You can use a maximum of 30 stages per process and a maximum of 30 steps per stage.
Each branch can be no more that 5 levels deep.
Branching rule must be based on the steps in the stage that immediately precedes it.
You can combine multiple conditions in a rule by using the AND operator or the OR operator, but not both operators.
An entity used in the process can be revisited multiple times (multiple closed entity loops).
You can go back to the previous stage regardless of an entity type. For example, if the active stage is Deliver Quote on a quote record, you can move the active stage back to the Propose stage on an opportunity record. In another example, suppose you’re currently in the Present Proposal stage in your process flow: Qualify Lead > Identify Needs > Create Proposal > Present Proposal > Close. If the proposal presented to the customer requires more research to identify customer needs, you can simply select the Identify Needs stage of your process and choose Set Active.

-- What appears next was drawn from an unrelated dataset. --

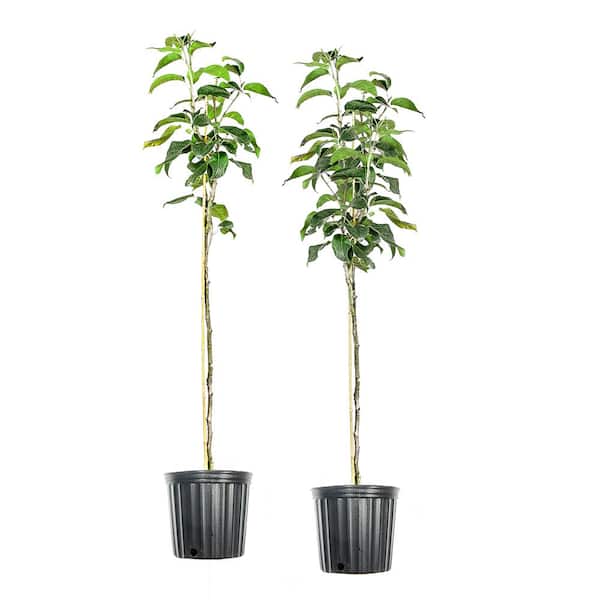 Perfect Plants 5 Gal. Shinseiki Asian Pear Tree (2-Pack)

When you define a process flow, you can optionally select an entity relationship. This relationship must a 1:N (One-to-Many) entity relationship.
Only one active process per a record is possible.
A process name is not exposed to workflow conditions.
The stages can be reordered using the MOVE UP or MOVE DOWN arrows within the branch. The stages can’t be moved from one branch to other branches.
When merging branches, all peer branches must merge to a single stage.
The peer branches must all either merge to a single stage, or each peer branch must end the process. A peer branch can’t merge with other branches and at the same time end the process.
Let’s look at the example of the business process flow with two branches, for selling new and pre-owned cars.
First, we’ll create a new process named Car Sales Process.
Go to Settings > Processes.
Specify the Category as Business Process Flow and for the primary Entity choose Lead.
Add the first stage to the process called Qualify and add steps Purchase Time frame and Car Preference.
After the common Qualify stage, we split the process into to two separate branches, by using the If-Else clause.
If the Car preference = New, the process branches out to the New Car Sales stage, otherwise, it jumps to the Pre-Owned Car Sales stage, in the second branch, as shown below.
After completing all the steps in the New Car Sales stage or Pre-Owned Car Sales stage, the process returns back to the main flow, with the Deliver Quote stage.
Consider a business process flow with branches for processing a loan request at a bank, as shown below. The custom entities used in the stages are shown in parenthesis.
In this scenario, the bank loan officer needs access to the Request record, but she shouldn’t have any visibility into the investigation of the request. At first glance, it looks that we can easily do this by assigning the loan officer a security role that specifies no access to the Investigation entity. But, let’s look at the example in more detail and see if this is really true. Let’s say that a customer puts in the loan request for over $60,000 to the bank. The loan officer reviews the request in the first stage. If the branching rule that checks if the amount owed to the bank will exceed $50,000 is satisfied, the next stage in the process is to investigate if the request is fraudulent. If it’s determined that this is indeed a case of fraud, the process moves on to taking a legal action against the requestor. The loan officer shouldn’t have visibility into the two investigative stages as she doesn’t have access to the Investigation entity. However, if the loan officer opens the Request record, she would be able to see the entire end-to-end process. Not only will she be able to see the fraud investigation stage, but she’ll also be able to identify the outcome of the investigation by having been able to see the Legal Action stage in the process. Also, she’ll be able to preview the steps in the investigative stages by choosing the stage. While she won’t be able to see the data or the step completion status, she’ll be able to identify the potential actions that were taken against the submitter of the request during the investigation and legal action stages. In this process flow, the loan officer will be able to see the Fraud Investigation and Legal Action stages, which constitutes an improper information disclosure. We recommend paying special attention to the information that may become disclosed due to branching. In our example, split the process into two separate processes, one for the request processing and another one for the fraud investigation, to prevent the information disclosure. The process for the loan officer will look like this:
The process for the investigation will be self-contained and include the following stages:
You will need to provide a workflow to synchronize the Approve/Deny decision from the Investigation record to the Request record.